Chapter 5: Skills System
A Skill isn't a magic template -- it just packages System Prompt, tool whitelist, and parameter constraints together. If the role design is bad, no matter how pretty the packaging, it won't help.
5.1 What Exactly Is a Skill?
In the previous chapters, we covered individual Agent tools and reasoning capabilities. But a problem is starting to emerge: the same Agent fails when you switch tasks.
I was once building a code review Agent for a client. The configuration was simple: System Prompt emphasized "find potential bugs and security issues," tools were just file reading and code search. It worked well, found many hidden issues.
A month later, the client had a new request: "Can this Agent do market research?"
I tried it -- complete failure. The code review Prompt talks about "finding bugs, checking type safety," but market research needs "searching trends, comparing data, citing sources." The tools didn't match either: file reading is useless, what's needed is web search and data scraping.
In the end, I spent an afternoon reconfiguring a "researcher" role. Two sets of configurations, completely different.
This is the problem Skills solve -- you don't need to reconfigure the role every time; preset roles can be switched with one click. Use code_reviewer role for code review, researcher role for market research.
In one sentence: Skill = System Prompt + Tool Whitelist + Parameter Constraints
For example, a "researcher" Skill:
"research": {
"system_prompt": "You are a research assistant. Gather facts from authoritative sources...",
"allowed_tools": ["web_search", "web_fetch"],
"caps": {"max_tokens": 16000, "temperature": 0.3},
}
For example, a "critic" Skill:
"critic": {
"system_prompt": "You are a critical reviewer. Point out flaws and suggest fixes.",
"allowed_tools": ["file_read"],
"caps": {"max_tokens": 800, "temperature": 0.2},
}
When invoking, just say "I want to use the research Skill," and the configuration loads automatically.
5.2 Shannon's Presets Registry
Shannon calls Skills "Presets," stored in a dictionary:
_PRESETS: Dict[str, Dict[str, object]] = {
"analysis": {
"system_prompt": "You are an analytical assistant. Provide concise reasoning...",
"allowed_tools": ["web_search", "file_read"],
"caps": {"max_tokens": 30000, "temperature": 0.2},
},
"research": {
"system_prompt": "You are a research assistant. Gather facts from authoritative sources...",
"allowed_tools": ["web_search", "web_fetch", "web_crawl"],
"caps": {"max_tokens": 16000, "temperature": 0.3},
},
"writer": {
"system_prompt": "You are a technical writer. Produce clear, organized prose.",
"allowed_tools": ["file_read"],
"caps": {"max_tokens": 8192, "temperature": 0.6},
},
"generalist": {
"system_prompt": "You are a helpful AI assistant.",
"allowed_tools": [],
"caps": {"max_tokens": 8192, "temperature": 0.7},
},
}
The three fields each have their purpose:
| Field | What It Does | Design Consideration |
|---|---|---|
system_prompt | Defines "persona" and behavioral guidelines | More specific is better |
allowed_tools | Tool whitelist | Principle of least privilege |
caps | Parameter constraints | Control cost and style |
Safe Fallback
The function for getting Presets has a few details worth noting:
def get_role_preset(name: str) -> Dict[str, object]:
key = (name or "").strip().lower() or "generalist"

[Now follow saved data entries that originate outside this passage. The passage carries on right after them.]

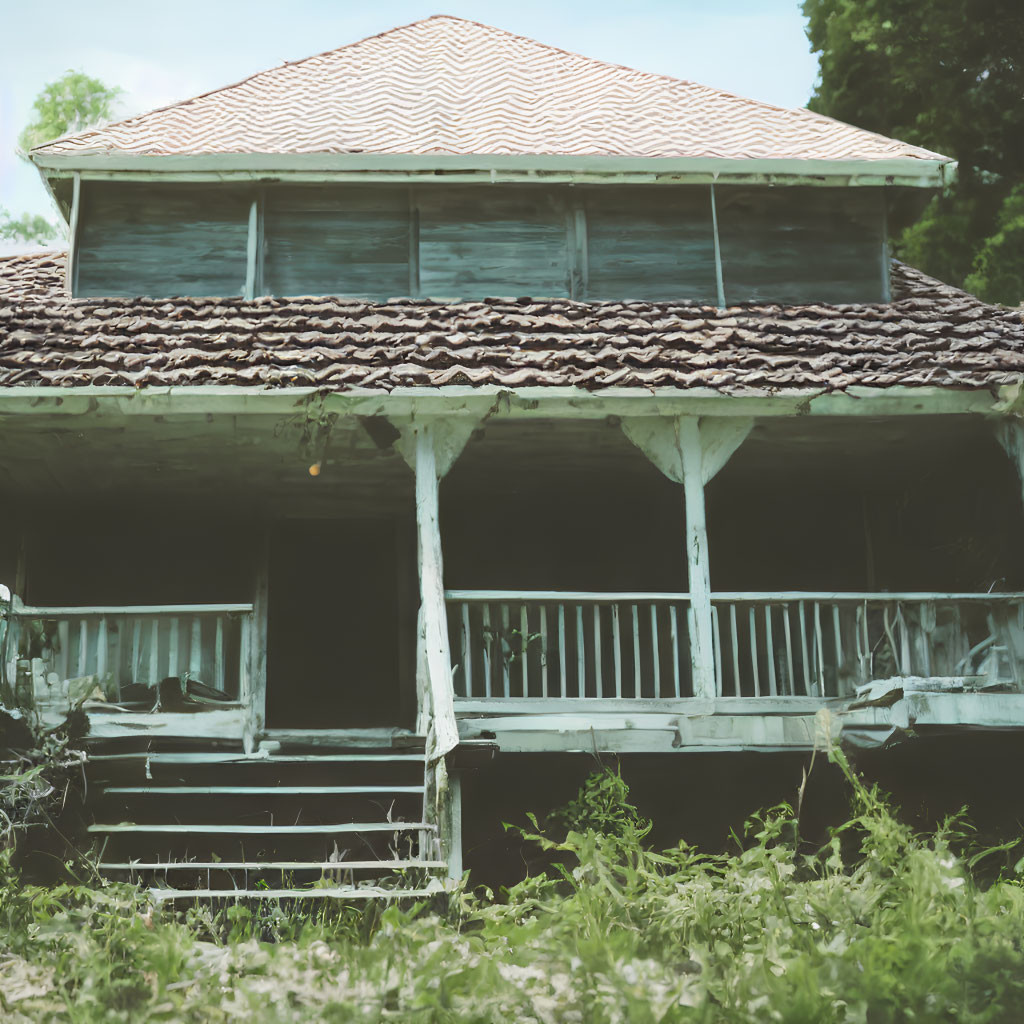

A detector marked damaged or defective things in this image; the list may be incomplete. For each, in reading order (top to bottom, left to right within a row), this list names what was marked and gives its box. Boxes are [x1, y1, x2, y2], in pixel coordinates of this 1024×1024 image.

rusted corrugated roof [34, 15, 952, 164]
rusted corrugated roof [0, 250, 1016, 390] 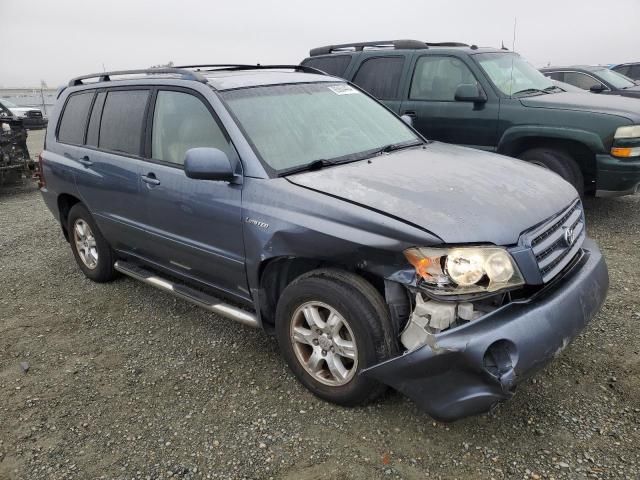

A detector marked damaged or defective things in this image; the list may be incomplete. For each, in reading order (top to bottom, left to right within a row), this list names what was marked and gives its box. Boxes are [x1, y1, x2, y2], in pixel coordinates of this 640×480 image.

another damaged vehicle [0, 101, 32, 184]
damaged toyota highlander [40, 64, 608, 420]
another damaged vehicle [40, 66, 608, 420]
broken headlight assembly [404, 248, 524, 296]
crumpled front bumper [362, 238, 608, 422]
cracked bumper cover [362, 238, 608, 422] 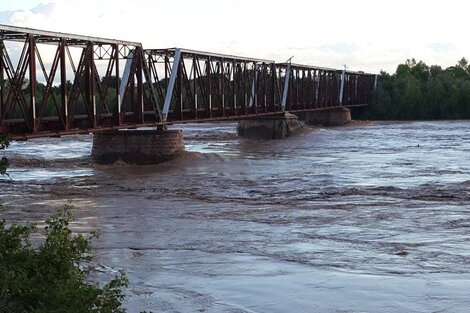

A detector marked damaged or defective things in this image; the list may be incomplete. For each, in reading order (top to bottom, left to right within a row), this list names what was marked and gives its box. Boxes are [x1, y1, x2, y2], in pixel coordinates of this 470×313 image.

rusty steel truss [0, 25, 374, 139] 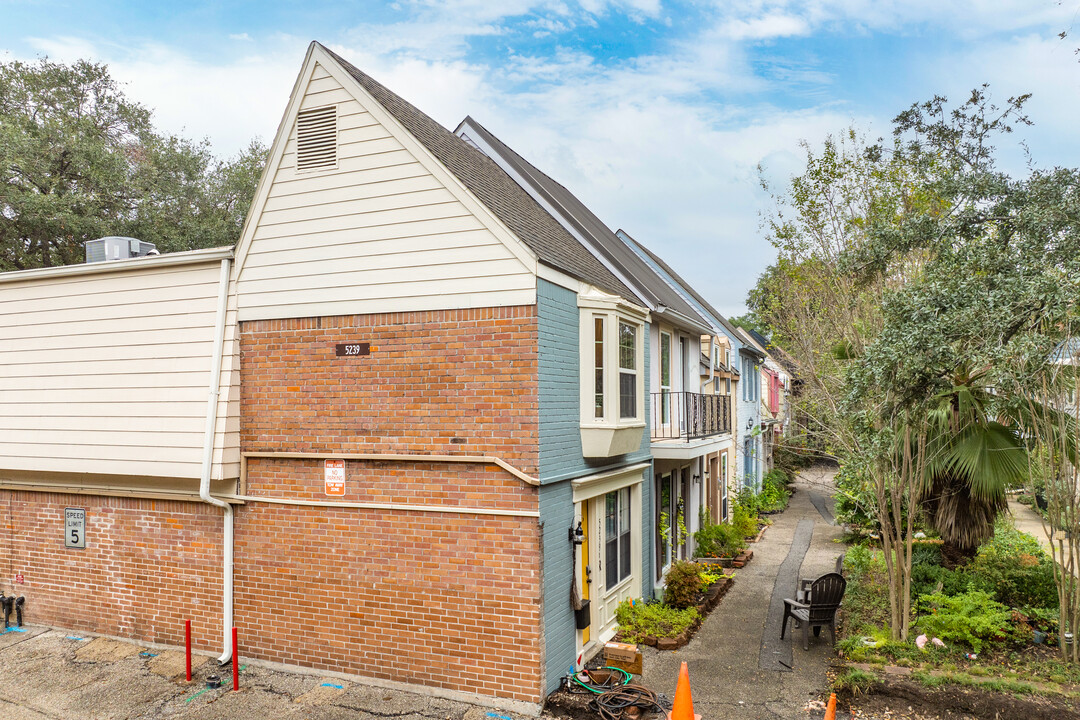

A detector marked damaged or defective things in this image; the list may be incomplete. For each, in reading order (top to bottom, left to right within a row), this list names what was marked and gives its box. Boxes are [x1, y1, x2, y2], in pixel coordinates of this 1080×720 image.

cracked pavement [635, 468, 846, 720] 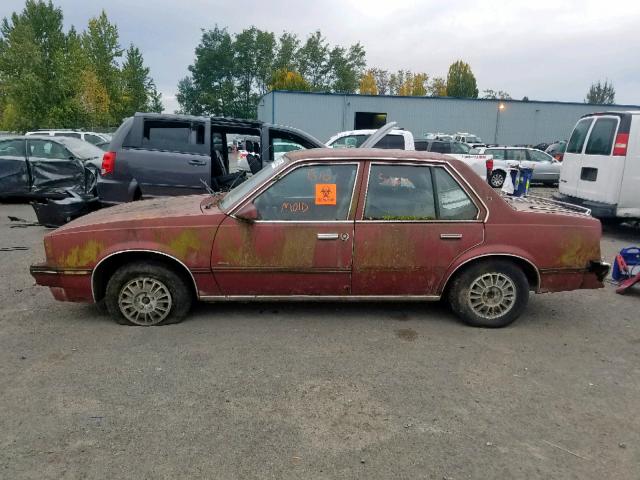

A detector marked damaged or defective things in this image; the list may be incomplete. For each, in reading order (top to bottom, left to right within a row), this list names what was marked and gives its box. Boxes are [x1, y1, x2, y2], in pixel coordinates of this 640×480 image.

# Alias mapping (backward compatibility)
alias_map = {
"researcher": "research",
"research_supervisor": "deep_research_agent",
}
key = alias_map.get(key, key)
return _PRESETS.get(key, _PRESETS["generalist"]).copy()
- Case insensitive:
Researchandresearchare equivalent - Alias support: Old names automatically map to new names
- Safe fallback: Unknown roles use
generalist - Returns copy:
.copy()prevents modifying global configuration
The last point is very important. A pitfall I stepped on: didn't add .copy(), then one request modified the configuration, affecting all subsequent requests.

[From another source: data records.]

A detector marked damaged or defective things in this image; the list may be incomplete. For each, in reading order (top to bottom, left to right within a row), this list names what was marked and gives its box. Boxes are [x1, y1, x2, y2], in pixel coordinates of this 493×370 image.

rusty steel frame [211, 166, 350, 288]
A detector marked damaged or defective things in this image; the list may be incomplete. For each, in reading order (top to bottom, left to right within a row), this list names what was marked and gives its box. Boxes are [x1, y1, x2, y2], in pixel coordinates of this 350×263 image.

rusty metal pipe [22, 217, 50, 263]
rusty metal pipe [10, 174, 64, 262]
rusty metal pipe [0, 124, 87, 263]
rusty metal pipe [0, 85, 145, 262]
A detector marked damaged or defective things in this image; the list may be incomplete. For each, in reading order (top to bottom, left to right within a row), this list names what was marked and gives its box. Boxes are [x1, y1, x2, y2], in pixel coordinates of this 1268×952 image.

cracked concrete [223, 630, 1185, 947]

5.3 A Complex Skill Example: Deep Research Agent
Simple Skills are just a few lines of configuration. But complex Skills need more detailed instructions.
Shannon has a deep_research_agent with a System Prompt over 50 lines:
"deep_research_agent": {
"system_prompt": """You are an expert research assistant conducting deep investigation.
# Temporal Awareness:
- The current date is provided at the start of this prompt
- For time-sensitive topics, prefer sources with recent publication dates
- Include the year when describing events (e.g., "In March 2024...")
# Research Strategy:
1. Start with BROAD searches to understand the landscape
2. After EACH tool use, assess:
- What key information did I gather?
- What critical gaps remain?
- Should I search again OR proceed to synthesis?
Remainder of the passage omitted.